CD Revolution The Emulator III not only matched CD quality with
16 bits, but harnessed the CD revolution by using the new CDROM players to load sample libraries. This provided the EIII with a massive library of high quality sounds, which could be rapidly and
easily accessed. The EIII took centre stage in studios and post production suites across the world.
The F Chip The Emulator III kept with the overall Emulator II design, but with a faster main processor and a revolutionary Digital
Oversampling Filter chip - custom built by Emu Systems. This was the start of a long line of custom chips which have been at the core of E-mu Systems sample designs ever since. The F chip
ensured a pristine quality of sound output - and a 96dB signal to noise ratio. The EIII is much quieter and free from any digital artefacts - unlike the EII.
Workstation The Emulator III Keyboard version has a 5 octave
keyboard with aftertouch and velocity. It came with a 16 track sequencer and full SMPTE/MIDI sync. Rather surprisingly the EIII only has unbalanced outputs, but it does have a 25 pin SCSI connector and 16 individual voice outputs.
The Mystery Emulator III The EIII rack was announced at the
same time as the EIII keyboard was launched, and it appeared in the marketing material. EIII racks were available from May 1988, however they seem to have been in limited supply, and only a few
were actually sold. They are hard to find second-hand, and therefore command higher prices.
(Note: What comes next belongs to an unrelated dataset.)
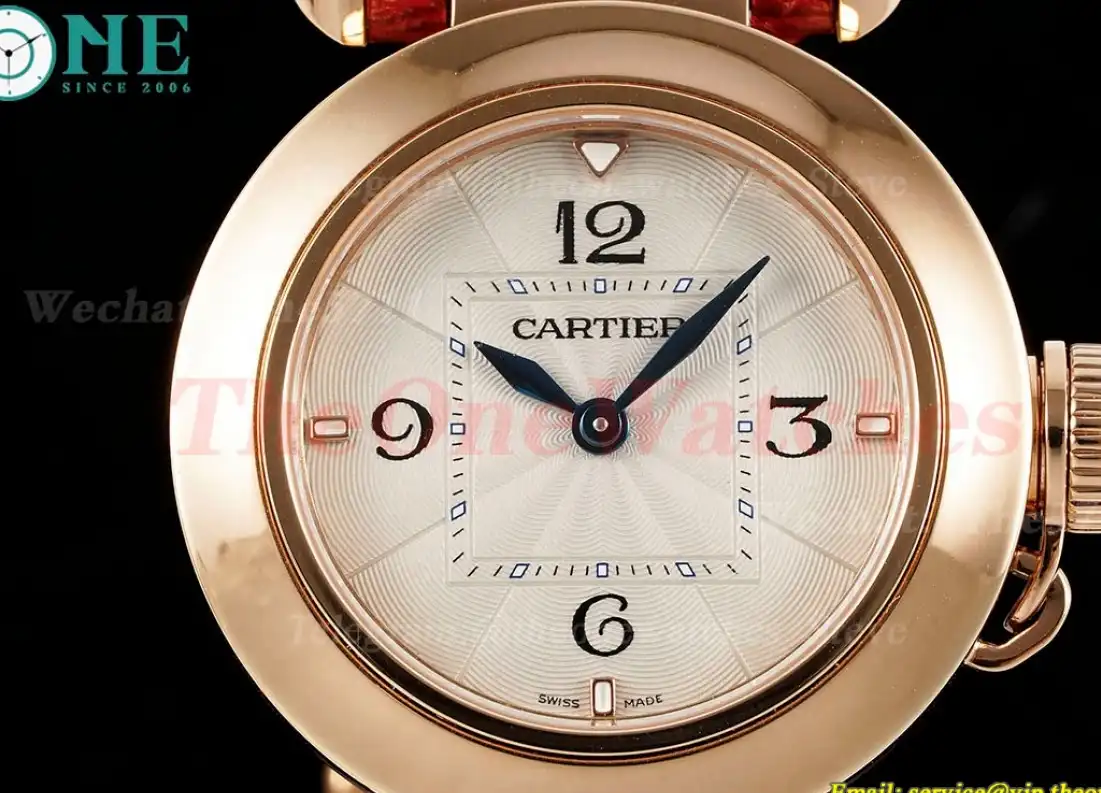 Pasha De Cartier Ladies 30mm Red RG LE White Dial AF Quartz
The EIII Rack uses the same engineering design as the keyboard version. The existing card frame is mounted vertically (which is how it was designed), it has the same hard
disk drive, power supply, and floppy disk. A new control panel was fitted into a deep (at least 20") 4U rack unit. Two fans were installed to keep the Emulator cool. The rack has exactly the same functionality as the keyboard version.
Memory The Emulator III was available in two memory sizes,
either 4 MB or 8MB. The 4 MB model can be service upgraded to 8 MB by replacing all 16 SIMM's.
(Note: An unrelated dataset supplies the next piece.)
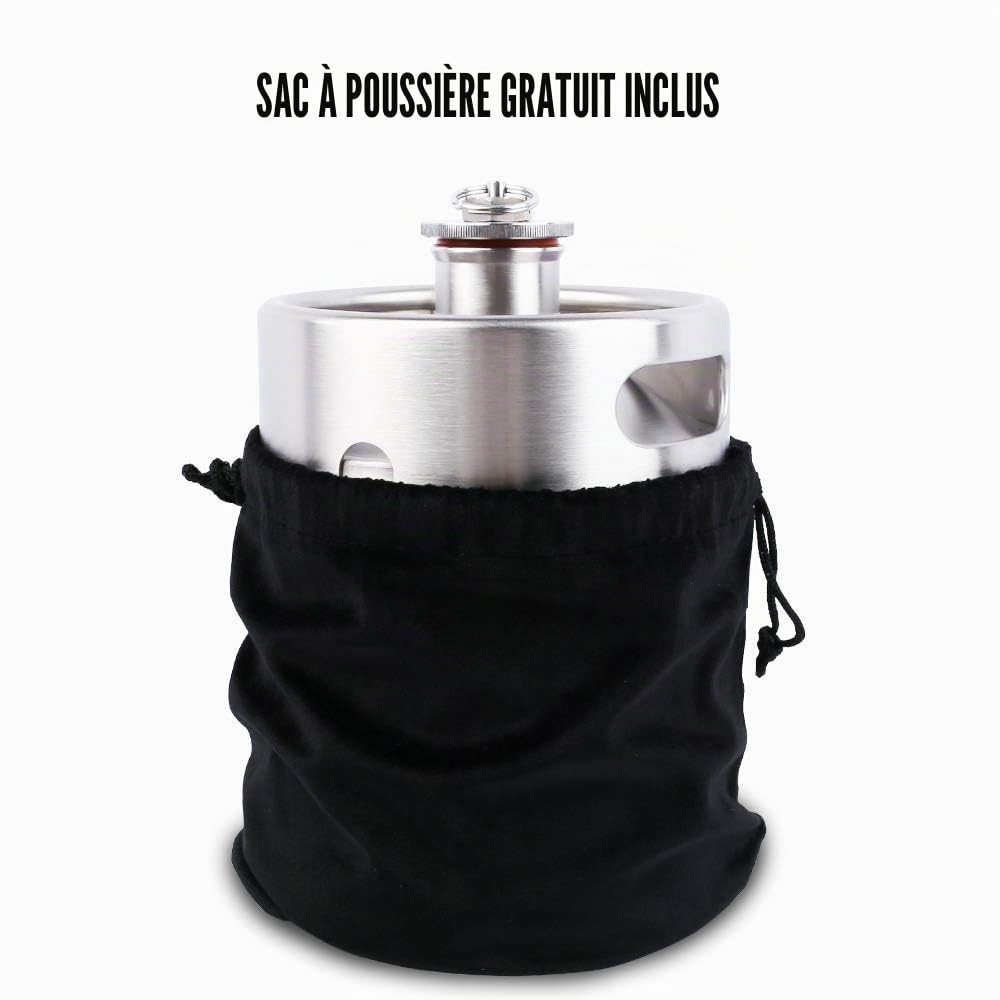 TMCRAFT - Mini fût en acier inoxydable de 2 litres - brasseur de bière portable avec soupape d'échappement - capuchon conçu pour garder les boissons fraîches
The Hard Disk All models came with an internal 5.25" 40 MB Hard Disk. The actual size of the drive was 52.1 MB, which when formatted became 43 MB. This enables 32 or 16 banks of sound
to be stored, depending on the RAM size.
Analog Filters The EIII kept with analog filters for the voice channels, using Curtis CEM3387's. Real-time digital filtering was
still too expensive, and the EIII was pushing the price limit already. (the hard disk and 4 MB of memory added up to $2500 alone).